GESTURE RECOGNITION STUDIES
Gesture recognition and control is an active field of research with its useful applications in human-computer interaction. There are many different variables such as input signals, gestures, and training classifiers that are used. I took a look at 5 studies that were IMU and/or EMG based and summarized them in the table below.
|Paper||# of Features||Input||Placement||Gestures||Population|
|Jiang (2017)||8||4 EMG + IMU||Forearm||8 hand (static)||10|
|Kang (2018)||27||3 IMUs||Forearms + Head||9 full body (static)||10|
|Mummadi (2018)||10||5 IMU||Fingertips||22 hand (static)||57|
|Kundu (2017)||15||IMU + 2 EMG||Forearm + Hand||6 static + 1 dynamic||5|
|Wu (2016)||5||3 IMU||Forearm, upper arm, body||3 static + 9 dynamic||10|
|Paper||Sets per Gesture||Total Sets||Classifier||Validation||Accuracy|
|Jiang (2017)||30||300||LDA||K-fold cross validation||92.80%|
|Kang (2018)||20||200||Decision trees (+bootstrap)||Experimental||88.01%|
|Mummadi (2018)||5||285||Decision trees (random forest)||K-fold cross validation||92.95%|
|Kundu (2017)||20||100||SVM||K-fold cross validation/Experimental||94%/|
# of Features: The input dimensions of the training model.
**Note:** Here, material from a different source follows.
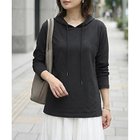 【スタイルデリ/STYLE DELI】のパーカー風カットソートップス 人気、トレンドファッション・服の通販 founy(ファニー) ファッション Fashion レディースファッション Fashion for Women トップス・カットソー Cut & Sew Tops レディースパーカー・カジュアルフーディー Casual Hoodies & Sweatshirts カットソー・ベーシックTシャツ Cut-and-Sewn Tops / Stretch Tees & Basics イエロー Yellow カットソー Cut and Sewn Top カーディガン Cardigan, Knitwear ジャケット Jacket, Outerwear スウェット / スエット Sweatshirt, Sweatwear ストレート Straight, Straight Cut スリット Slit, Slit Detail 定番 Standard, Basic Item 長袖 Long Sleeve, Full Sleeve パーカー Hoodie, Parka ベスト Vest, Waistcoat ポケット Pocket, Pocket Detail モコモコ Fuzzy, Fluffy 夏 Summer thumbnail ブラック|ID: prp329100004871575 ipo3291000000036335032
This could be raw data (accelerometer signals) or processed data (pitch/roll/yaw).
Input: For the inputs, I wanted to only focus on IMU and electrode inputs. Some other studies involve using cameras, which would be a less practical low-cost, open-source solution.
Placement: Most studies focus on forearm movements. The study by Kang et al. was recognizing gestures during stationary cycling which required an IMU on the forehead.
Gestures: Most of these gestures were static hand gestures.
Population: All of these studies were done on able-bodied individuals. For our potential application, we would expect more variability in our data.
Sets per gesture: For each participant, they were asked to repeat all the gestures numerous times for data logging. As an example, Jiang et al. would ask their participants to 30 sets of 8 gestures, for a total number of 240 sets. These sets were taken over 3 training sessions to vary conditions.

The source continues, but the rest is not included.